Thursday, August 2, 2012: 12:45 PM
Faculty of Economics, TBA
Swen SEEBACH , Humanities, PhD Candidate/ UOC, Barcelona, Spain
Francesc N┌ĐEZ MOSTEO , Humanities, Open University of Catalonia, Barcelona, Spain
Throughout the 18th and 19th century, in the first phase of capitalism accompanied by social developments related with processes of rationalization of our social world we have been facing the social devaluation of religions and religiosity in the Western world, a slow process of disenchantment of our individual and social life with crucial consequences for our inner (well-) being and for the moral universes as the basis for our interactions with others. From our point of view this is just half the story: Forms and elements of our religious life continued and continue to play a crucial role in modern capitalism outside of what we understand as the religious field.

Following the ideas of Collin Campbell (1987) and Eva Illouz (1997) we have analyzed romantic love relationships as one of those dimensions wherein religious-like practices and forms of enchantment continue to play a crucial role and wherein the modern subject finds sense and meaning for his individual and social life, outside the iron cage.

It is by celebrating romantic consumption rituals (like going to the cinema, in a restaurant or going on a honeymoon trip) that we live our sacred moments wherein we web our life to the life of our partner.
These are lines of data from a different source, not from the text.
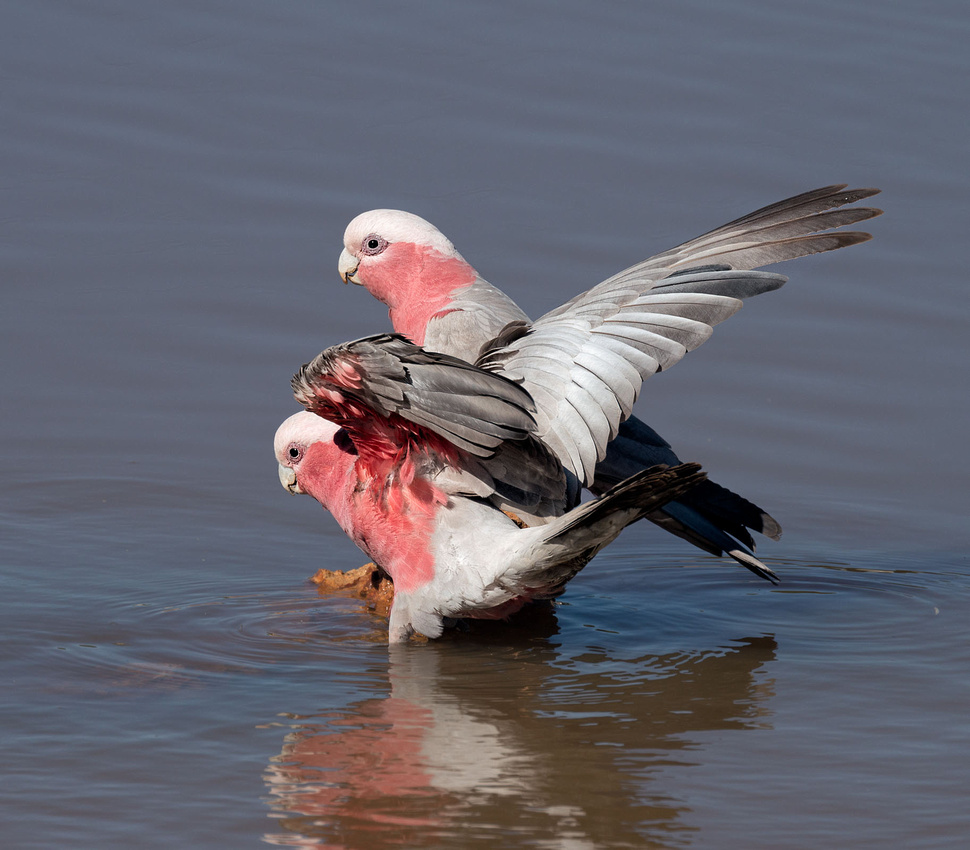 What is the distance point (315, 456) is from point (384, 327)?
8.67 feet

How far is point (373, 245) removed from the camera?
300 inches

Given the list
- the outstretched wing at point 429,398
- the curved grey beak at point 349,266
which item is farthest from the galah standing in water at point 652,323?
the curved grey beak at point 349,266

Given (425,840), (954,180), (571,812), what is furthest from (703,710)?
(954,180)

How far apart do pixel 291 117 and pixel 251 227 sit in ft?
6.09

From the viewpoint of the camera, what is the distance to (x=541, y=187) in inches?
425

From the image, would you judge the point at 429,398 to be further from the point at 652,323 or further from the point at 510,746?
the point at 510,746

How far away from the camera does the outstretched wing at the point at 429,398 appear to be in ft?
17.0

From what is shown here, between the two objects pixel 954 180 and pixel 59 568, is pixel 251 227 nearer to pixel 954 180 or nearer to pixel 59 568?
pixel 59 568

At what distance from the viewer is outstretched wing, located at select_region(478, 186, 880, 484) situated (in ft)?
18.2

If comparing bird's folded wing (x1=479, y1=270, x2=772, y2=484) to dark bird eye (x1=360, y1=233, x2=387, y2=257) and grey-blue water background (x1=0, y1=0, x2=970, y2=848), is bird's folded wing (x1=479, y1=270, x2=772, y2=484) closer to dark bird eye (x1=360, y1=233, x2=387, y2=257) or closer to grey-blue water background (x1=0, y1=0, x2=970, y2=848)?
grey-blue water background (x1=0, y1=0, x2=970, y2=848)

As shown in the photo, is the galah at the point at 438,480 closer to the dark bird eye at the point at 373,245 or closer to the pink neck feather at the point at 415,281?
the pink neck feather at the point at 415,281

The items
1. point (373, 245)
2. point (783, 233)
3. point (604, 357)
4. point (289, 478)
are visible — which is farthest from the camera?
point (373, 245)

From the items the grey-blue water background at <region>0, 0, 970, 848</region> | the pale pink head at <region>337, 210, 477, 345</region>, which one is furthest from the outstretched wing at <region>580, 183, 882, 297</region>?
the grey-blue water background at <region>0, 0, 970, 848</region>

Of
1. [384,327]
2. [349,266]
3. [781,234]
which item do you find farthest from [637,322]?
[384,327] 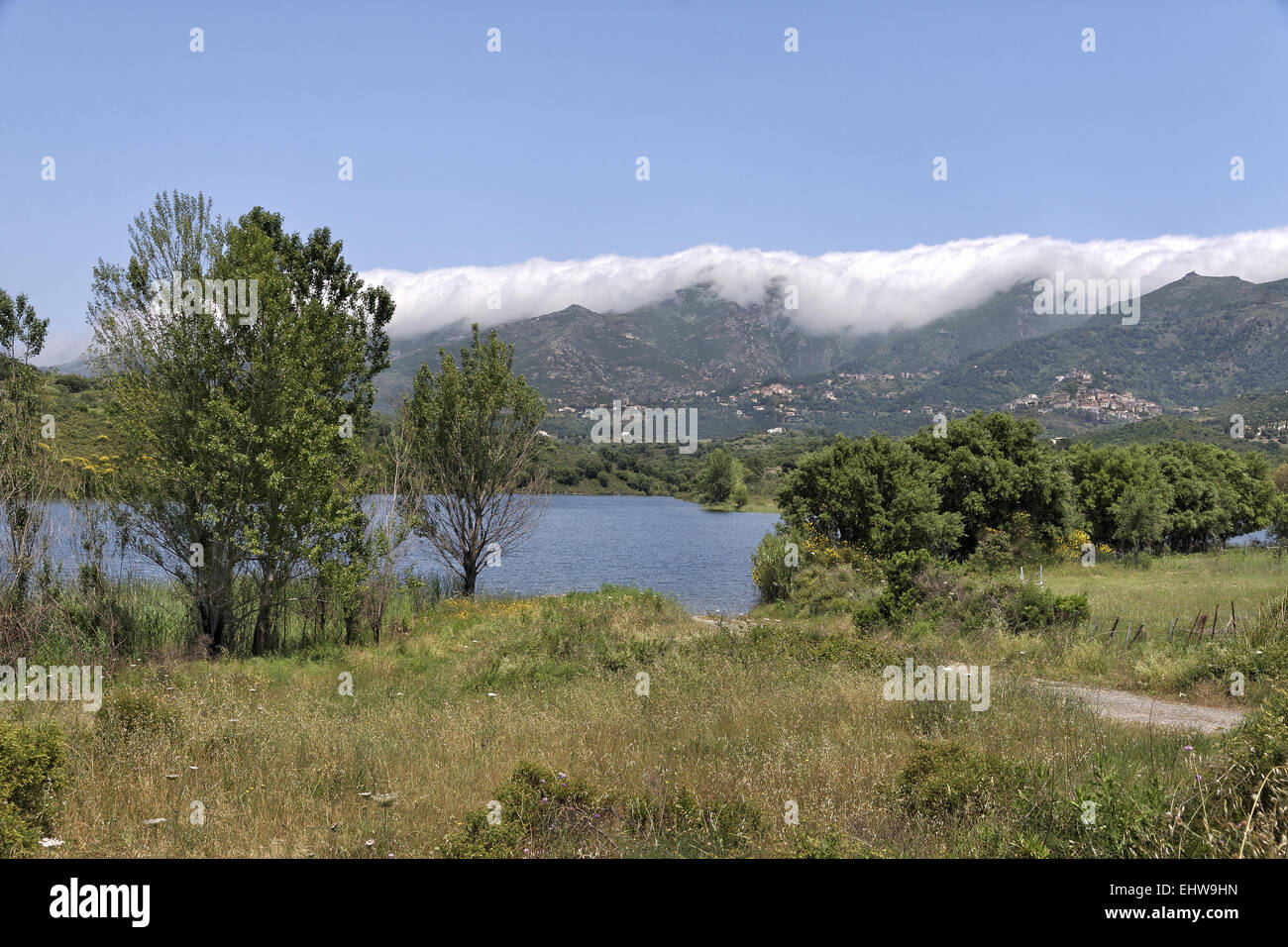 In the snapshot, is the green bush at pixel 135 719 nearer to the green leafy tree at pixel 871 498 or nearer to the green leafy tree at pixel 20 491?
the green leafy tree at pixel 20 491

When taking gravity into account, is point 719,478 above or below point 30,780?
below

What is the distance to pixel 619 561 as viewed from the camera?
42.7 m

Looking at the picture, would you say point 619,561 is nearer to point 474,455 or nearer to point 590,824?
point 474,455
It is through the creation of personal love myths that we transform our passed everyday life or the moment we met with the beloved other into something special, something sacred that we could not have or could not have had with any other person. It is through the distinction between normal and special, between profane and sacred moments that we web our life to the life of our partners.  

We have tried to explore this topic empirically. Therefore, we have interviewed 45 people and have analyzed their autobiographical interviews.